La diversa distribuzione delle opere, inoltre, ne definisce anche alcuni dei caratteri. I film del PCI parlano prevalentemente ai militanti e per questa ragione si contraddistinguono per un linguaggio fortemente imbevuto di slogan, parole d’ordine e simboli riconoscibili del partito. Più che fare nuovi proseliti, le pellicole comuniste paiono voler rafforzare il legame fideistico con gli iscritti. Le opere democristiane, invece, parlano a un pubblico trasversale, non necessariamente già votante della DC, e pertanto ricorrono a un linguaggio politicamente neutro. Ma questa diversità dei linguaggi trova un fondamento anche nell’identità e nella cultura di riferimento delle due compagini.
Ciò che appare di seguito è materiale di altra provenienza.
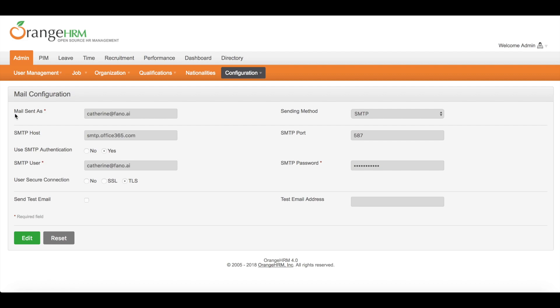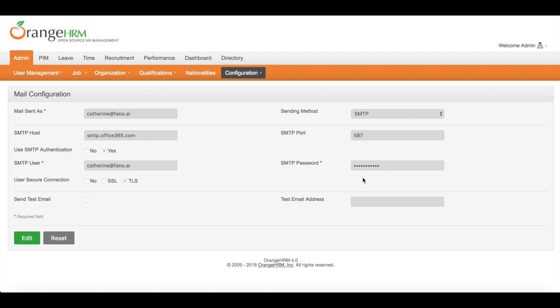Mail sent as Catherine at final.ai, which means all the notification emails in this system will be sent by this email address. Sending method, choose SMTP. Follow Microsoft guidelines to set up this information such as host, port, email address and its password.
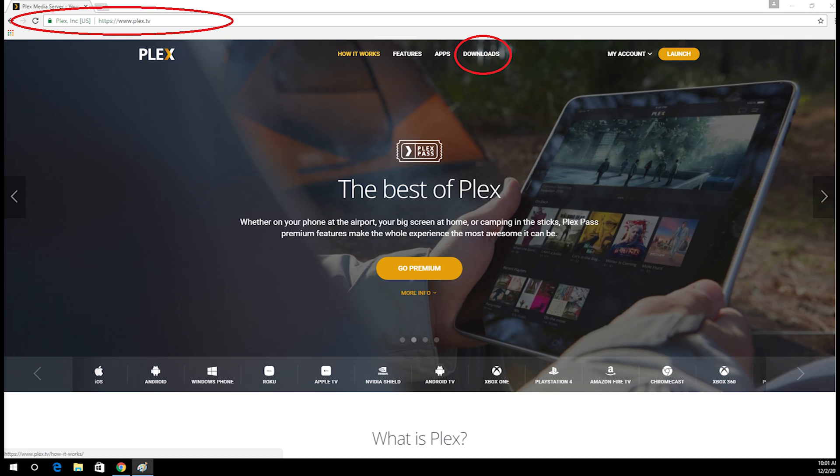Hello, welcome to my channel. I will teach you how to set up Plex Media Server and access it with your own domain name. So let's get started.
Il PCI è, infatti, un partito di classe, che si rivolge agli operai e al proletariato contadino, e che appare legato a un saldo bagaglio storico-ideologico. La DC, invece, è un partito interclassista, che mutua i suoi riferimenti valoriali da una più generica cultura cattolica. Pertanto, se i film del PCI presentano un marcato carattere politico-ideologico e in molti casi sono espressione della cultura alta, quelli della DC si rivolgono all’uomo medio e strizzano l’occhio alla cultura di massa. Così, i comunisti fanno girare i propri film da affermati registi di cinema, dichiaratamente vicini al partito (i fratelli Taviani o Carlo Lizzani, ad esempio), o fanno comparire al loro interno testimonial provenienti dai ranghi della cultura alta. I democristiani, sul fronte opposto, danno spazio nelle loro pellicole a personaggi del mondo dello spettacolo amati dal pubblico, come Domenico Modugno, Aldo Fabrizi, Franco e Ciccio.

Fatte salve alcune eccezioni, nel complesso la produzione di propaganda democristiana appare più capace di sintonizzarsi con la modernità, sullo sfondo di un’Italia che a cavallo del boom economico cambia pelle. Viceversa, le pellicole comuniste mostrano maggiori incrostazioni ideologiche che le rendono meno aderenti alle trasformazioni in atto nella società. I film delle due compagini, in tal senso, ci dicono molto dei partiti di cui sono espressione, delle loro identità, subculture di riferimento e visioni del mondo. Danno plasticamente forma ai relativi apparati ideali, fornendo nuovi contributi per l’interpretazione di una fase storica che li ha visti protagonisti indiscussi della vita politica italiana. Mentre nel mondo soffiavano i venti della Guerra fredda, democristiani e comunisti, esposti ai rigori del conflitto tra i due blocchi, gareggiavano nel contesto italiano contrapponendo universi valoriali e simbolici antitetici. I film lo raccontano con immediatezza, concorrendo a definire gli immaginari di alcune delle pagine più appassionanti della storia italiana del Novecento.